WORK ORDER:
Nothing but the lines holding the string "Pendant" should appear in the answer. Copy them from the entries.

Start of Block

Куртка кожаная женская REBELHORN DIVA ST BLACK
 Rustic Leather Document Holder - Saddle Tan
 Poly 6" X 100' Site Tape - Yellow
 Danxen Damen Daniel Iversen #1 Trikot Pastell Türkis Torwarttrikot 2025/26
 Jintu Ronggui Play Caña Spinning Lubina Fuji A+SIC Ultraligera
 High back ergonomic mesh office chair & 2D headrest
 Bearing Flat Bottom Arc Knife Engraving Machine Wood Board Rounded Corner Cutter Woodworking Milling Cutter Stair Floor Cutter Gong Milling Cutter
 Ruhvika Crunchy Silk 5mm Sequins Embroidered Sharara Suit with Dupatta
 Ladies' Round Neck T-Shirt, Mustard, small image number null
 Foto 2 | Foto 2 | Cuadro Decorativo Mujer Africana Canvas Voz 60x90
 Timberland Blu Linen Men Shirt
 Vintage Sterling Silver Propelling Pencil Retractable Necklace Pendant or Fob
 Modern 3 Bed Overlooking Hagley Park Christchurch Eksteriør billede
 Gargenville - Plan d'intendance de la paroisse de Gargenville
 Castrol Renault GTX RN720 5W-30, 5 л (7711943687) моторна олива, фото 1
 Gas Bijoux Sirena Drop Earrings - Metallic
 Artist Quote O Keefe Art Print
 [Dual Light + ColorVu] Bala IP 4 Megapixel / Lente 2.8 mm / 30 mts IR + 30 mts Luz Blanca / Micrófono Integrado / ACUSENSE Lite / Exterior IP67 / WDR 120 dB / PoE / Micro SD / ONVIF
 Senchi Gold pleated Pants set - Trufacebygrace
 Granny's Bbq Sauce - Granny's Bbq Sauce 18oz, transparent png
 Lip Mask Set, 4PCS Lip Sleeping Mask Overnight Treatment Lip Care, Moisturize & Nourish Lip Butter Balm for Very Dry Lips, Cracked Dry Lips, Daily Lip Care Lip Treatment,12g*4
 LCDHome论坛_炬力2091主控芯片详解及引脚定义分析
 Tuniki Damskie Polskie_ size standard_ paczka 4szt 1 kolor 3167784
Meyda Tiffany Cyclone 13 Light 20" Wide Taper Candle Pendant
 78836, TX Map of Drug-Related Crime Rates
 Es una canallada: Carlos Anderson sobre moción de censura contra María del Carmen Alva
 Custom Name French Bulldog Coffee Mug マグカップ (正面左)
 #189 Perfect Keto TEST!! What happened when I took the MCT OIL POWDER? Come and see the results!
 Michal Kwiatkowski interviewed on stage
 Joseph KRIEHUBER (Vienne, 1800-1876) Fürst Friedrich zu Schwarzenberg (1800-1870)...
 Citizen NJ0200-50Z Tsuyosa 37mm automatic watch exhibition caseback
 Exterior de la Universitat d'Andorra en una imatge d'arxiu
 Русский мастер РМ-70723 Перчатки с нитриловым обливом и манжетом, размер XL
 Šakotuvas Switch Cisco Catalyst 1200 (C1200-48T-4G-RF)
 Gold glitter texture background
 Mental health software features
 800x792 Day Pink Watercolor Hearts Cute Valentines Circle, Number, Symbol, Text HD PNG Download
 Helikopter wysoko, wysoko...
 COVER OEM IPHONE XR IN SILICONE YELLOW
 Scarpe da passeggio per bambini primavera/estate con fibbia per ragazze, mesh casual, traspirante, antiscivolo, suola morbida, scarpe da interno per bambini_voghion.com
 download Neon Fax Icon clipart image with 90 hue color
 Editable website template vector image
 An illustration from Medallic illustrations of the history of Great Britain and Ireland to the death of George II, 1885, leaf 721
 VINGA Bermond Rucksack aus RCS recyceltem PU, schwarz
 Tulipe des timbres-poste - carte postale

End of Block

EXERCISE RESULT:
 Vintage Sterling Silver Propelling Pencil Retractable Necklace Pendant or Fob
Meyda Tiffany Cyclone 13 Light 20" Wide Taper Candle Pendant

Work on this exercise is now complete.